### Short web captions
>>

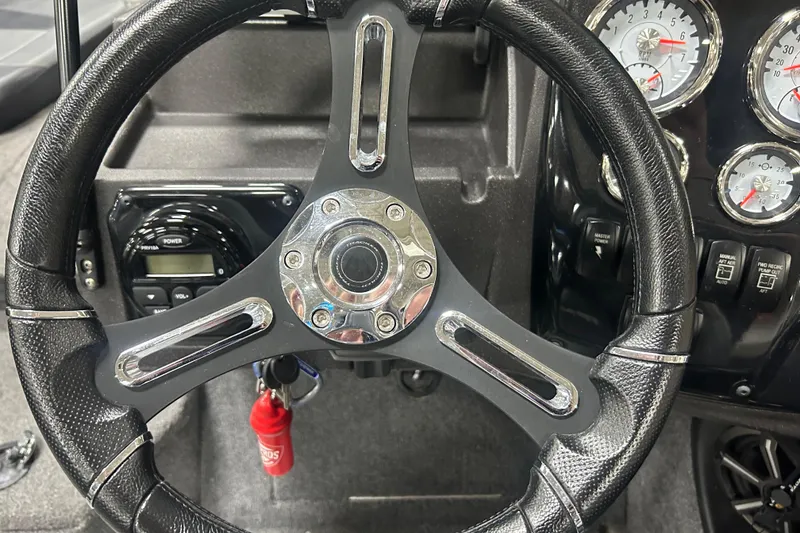 Slide: The Image of Steering wheel and dashboard of 2024 Tracker Targa V-18 Combo boat. - 16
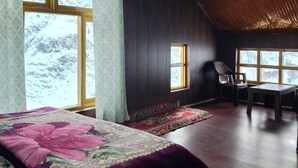 A room with a large bed, a chair, a small table, and a window with a view of trees. - Charming bed & breakfast with WiFi in Raling Khangsar (Raling)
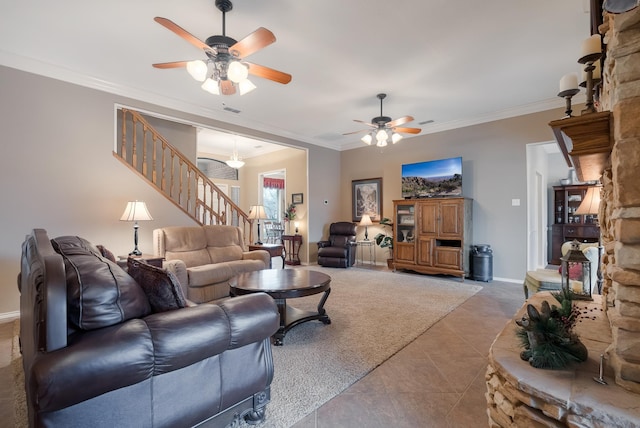 tiled living room featuring ornamental molding and ceiling fan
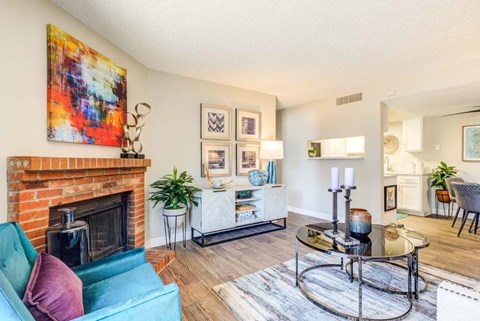 A living room with a blue couch and a fireplace.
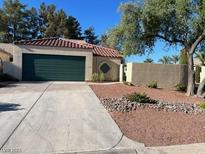 Charming home featuring a green garage door, a red tile roof and desert landscaping at 2711 Seabridge Dr, Las Vegas, NV 89121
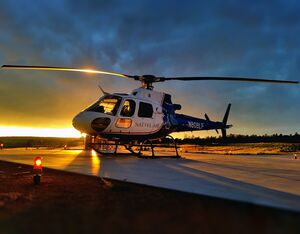 An Airbus H125 helicopter from Native Air rests on the tarmac. Air Methods Photo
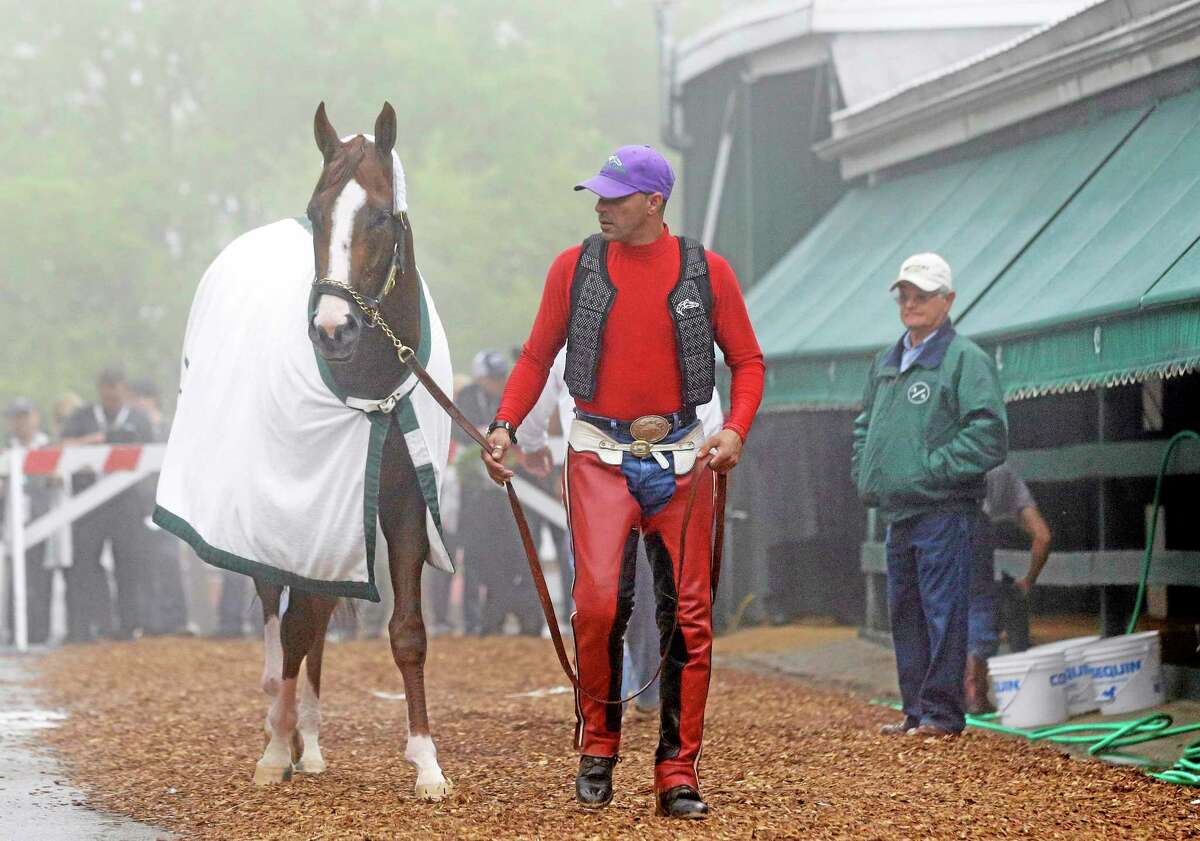 Exercise rider Willie Delgado, center, leads Kentucky Derby winner California Chrome to his stable as trainer Art Sherman, right, watches after a Thursday workout at Pimlico Race Course in Baltimore. The Preakness Stakes is Saturday.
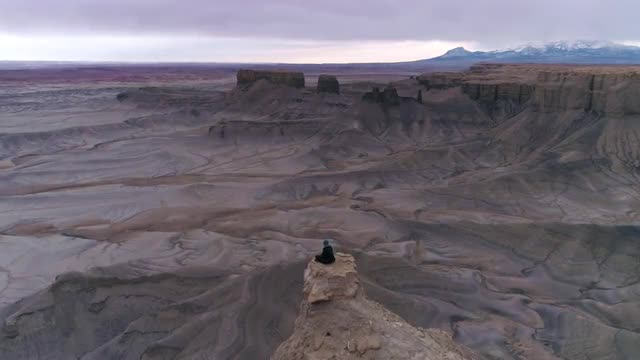 Aerial view flying past woman stilling on rocky point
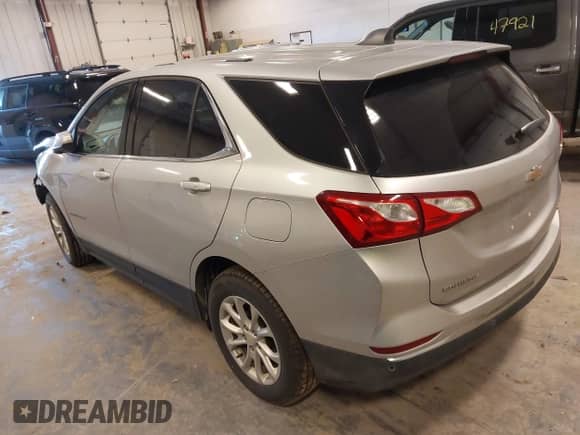 2018 Chevrolet Equinox LT z VIN 2GNAXSEVXJ6352812, wystawiony jako IAAI lot #43168373 z przebiegiem 128 214 mil mil oraz . Historia ofert i sprzedaży dostępna na DreamBid. Obrazek 3.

<<

### Assignment
Your reply should hold only the lines running from the one with "Exercise rider Willie" to the end of the data above, set down exactly, pictures omitted.

### Result
 Exercise rider Willie Delgado, center, leads Kentucky Derby winner California Chrome to his stable as trainer Art Sherman, right, watches after a Thursday workout at Pimlico Race Course in Baltimore. The Preakness Stakes is Saturday.
 Aerial view flying past woman stilling on rocky point
 2018 Chevrolet Equinox LT z VIN 2GNAXSEVXJ6352812, wystawiony jako IAAI lot #43168373 z przebiegiem 128 214 mil mil oraz . Historia ofert i sprzedaży dostępna na DreamBid. Obrazek 3.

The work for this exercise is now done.